First, Senate lawmakers could try to file cloture on a STELA reauthorization proposal to force a vote and bypass any holds, but that would take four or five legislative days, said the veteran, doubting there’s sufficient time during the lame duck. That may compel the removal of the provision, he said. Second, Markey could hammer out a compromise and thus remove his hold. Or third, lawmakers could try to force through STELA reauthorization by attaching it to the continuing resolution fiscal bill, as industry lobbyists and a Senate staffer recently predicted (see 1410150090).

What they’re really trying to do is have Congress kill CableCARD so they don’t have competition,” Plotkin said, urging myriad alternatives such as embedded conditional access. “Without CableCARD, there’s not a lot we can sell.” If lawmakers proceed with the repeal, Hauppauge's next steps will hinge on how the FCC responds, he said. The agency could go to the cable industry and say all could choose an encryption standard, but that may require a license with each cable company, he said. In that scenario, Hauppauge likely would get licensed with Comcast and TWC and ignore everyone else due to the expense, he said.

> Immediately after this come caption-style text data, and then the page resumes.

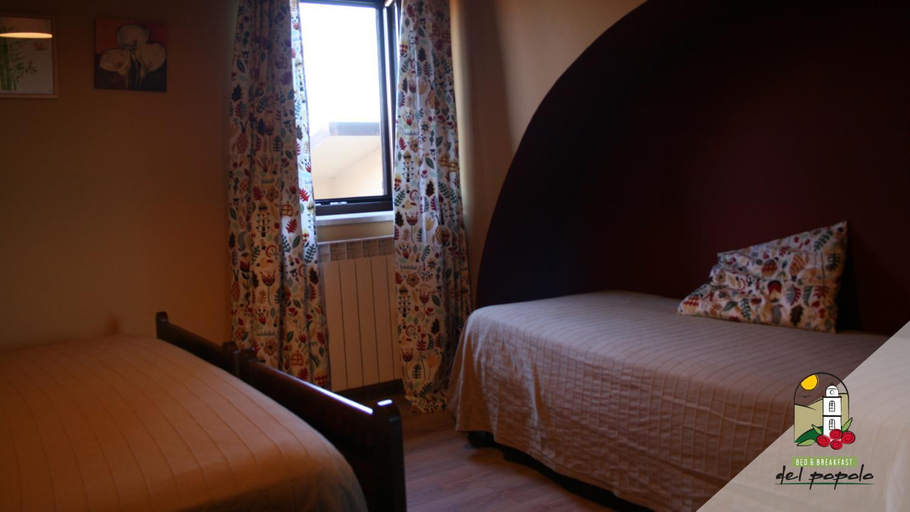 Others 2, Bed & breakfast del Popolo, Potenza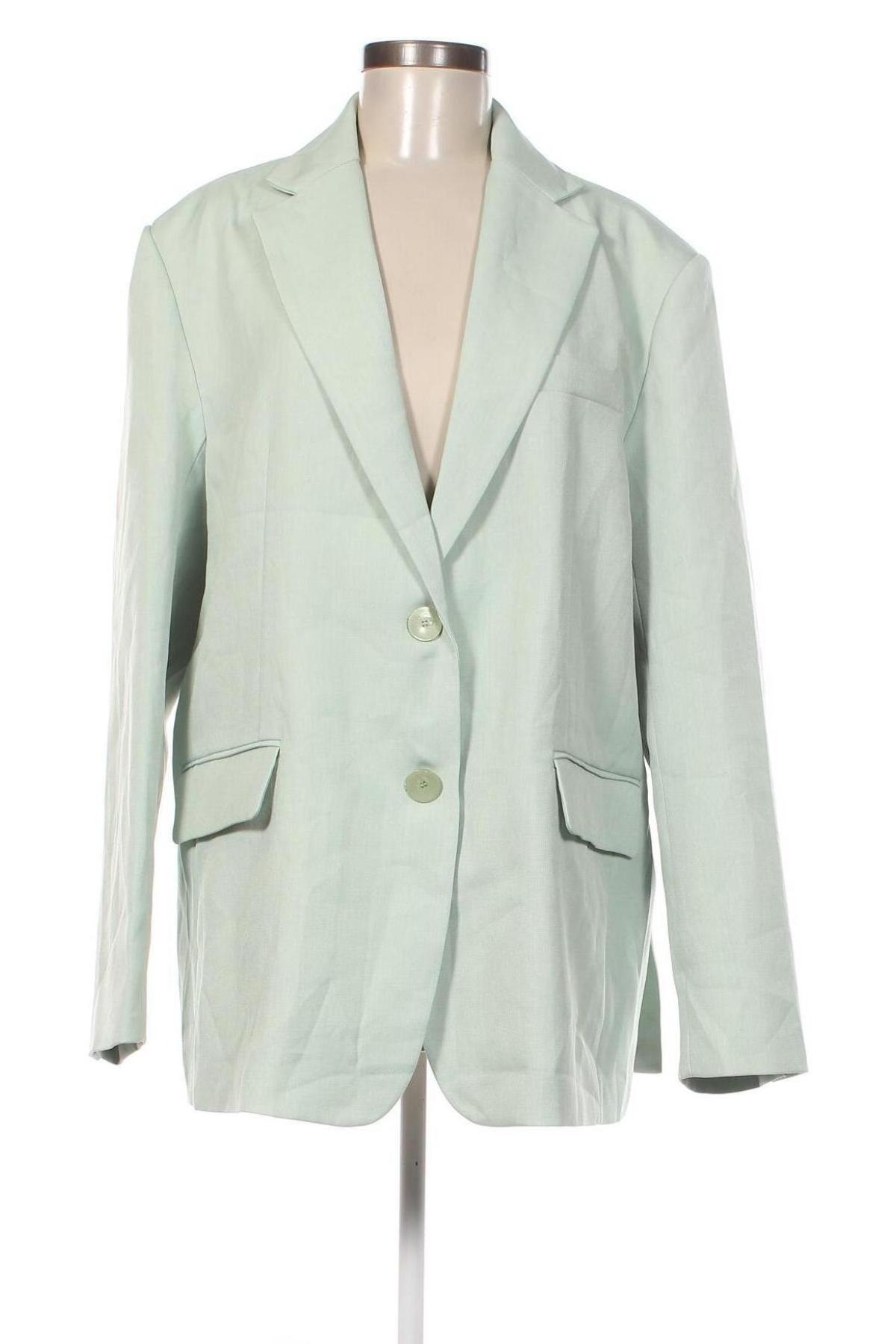 Дамско сако, Размер M, Цвят Зелен, Цена 22,00 лв.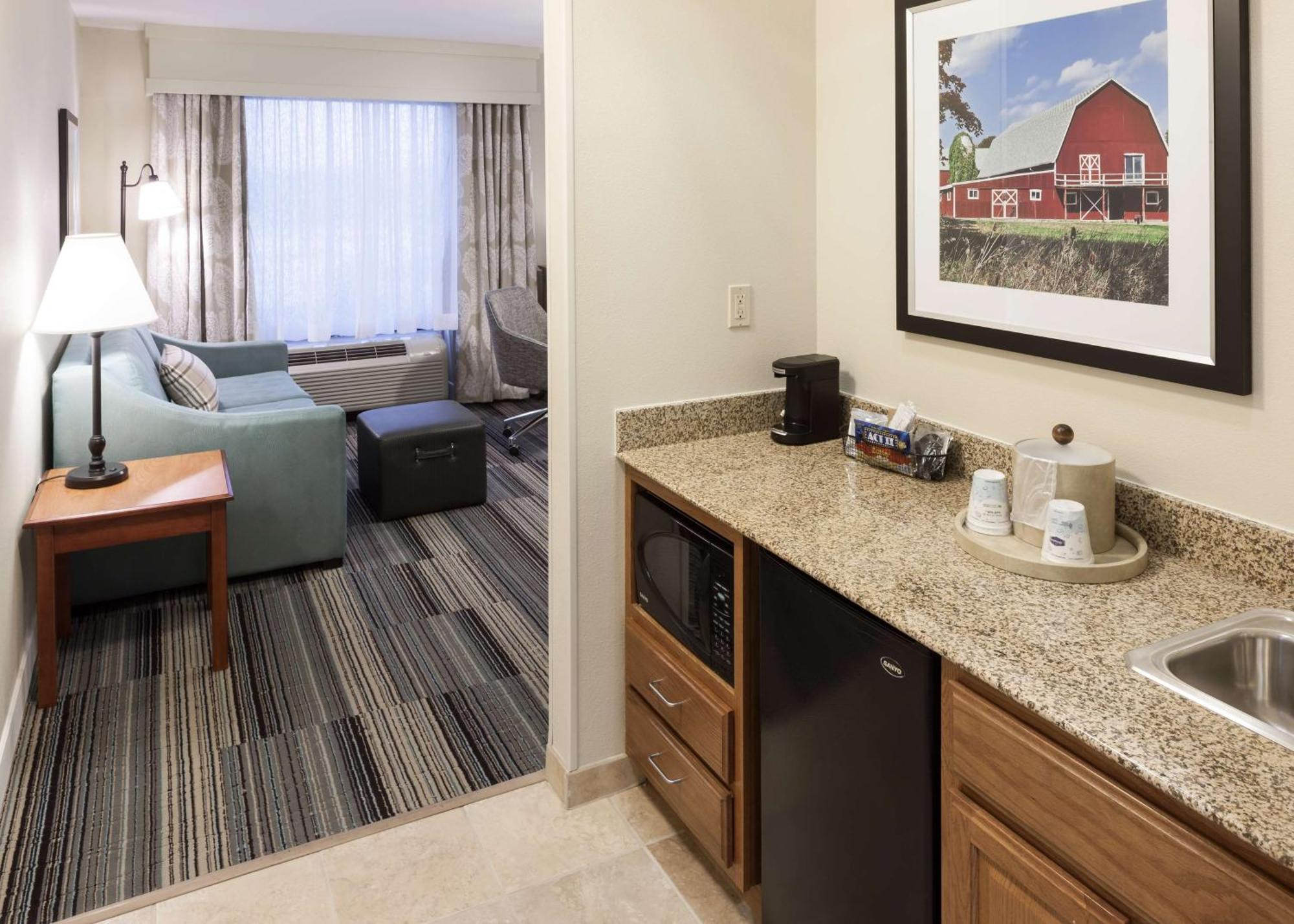 Hampton Inn & Suites Davenport Esterno foto
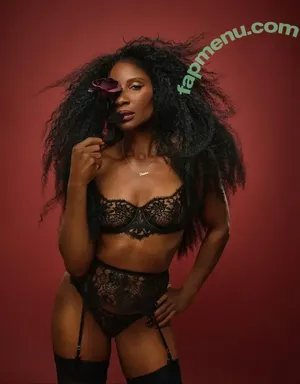 Denise Lewis / realdeniselewis nude photo #0003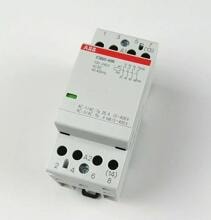 ABB ESB25-40N-06 Installationsschütz (Schließer), 25 A - 4 NO - 0 NC - 230-240 V - Steuerstromkreis, 400 Hz (1SAE231111R0640)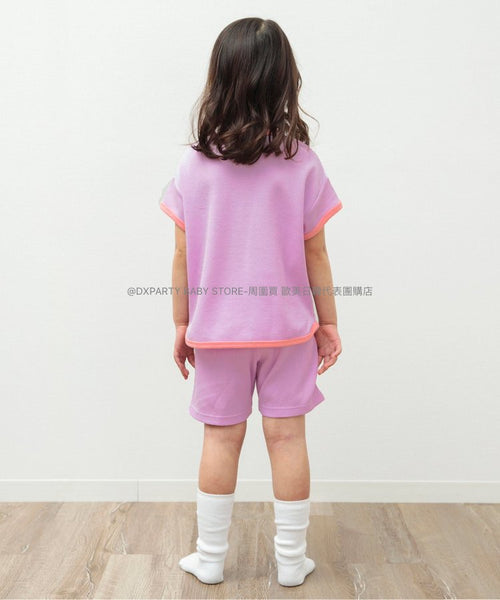 日本童裝 BR#22EE 睡衣套裝 80-150cm 男童款/女童款 夏季 睡衣系列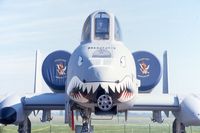 80-0223 @ DVN - A-10A at the Quad Cities Air Show - by Glenn E. Chatfield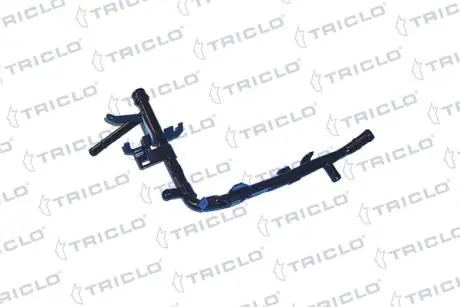 Металлический патрубок системы охлаждения TRICLO 453427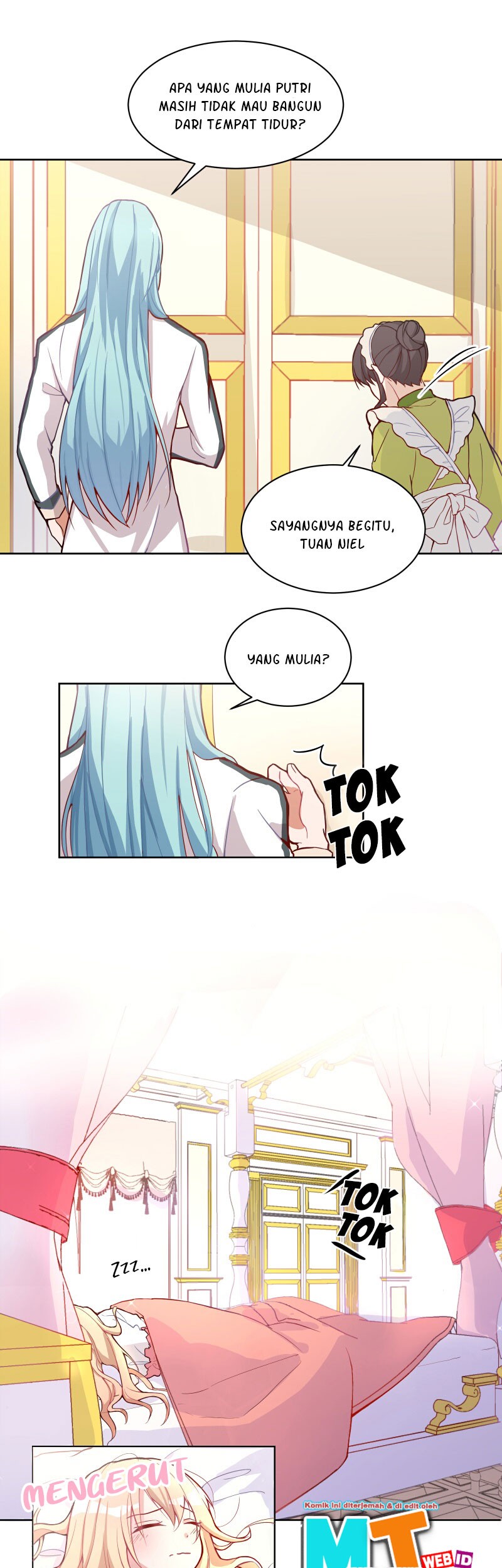 The Evil Sorceress Plans To Survive! Chapter 08 Gambar 6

Eliminating the integration ban does not affect FCC enforcement of a different rule that requires cable operators to offer a ‘separable security’ solution to retail devices,” the NCTA spokesman said. “Cable operators will still be compelled as a practical matter to support the 48 million CableCARDs already in leased boxes even if they do not have to deploy any more such boxes.”

I’ve been in the computer business for close to 30 years,” Plotkin said. “Having a standard is so important.” He feared the possibility of 20 different encryption standards developing: “That would be absolutely impractical for a company like us.”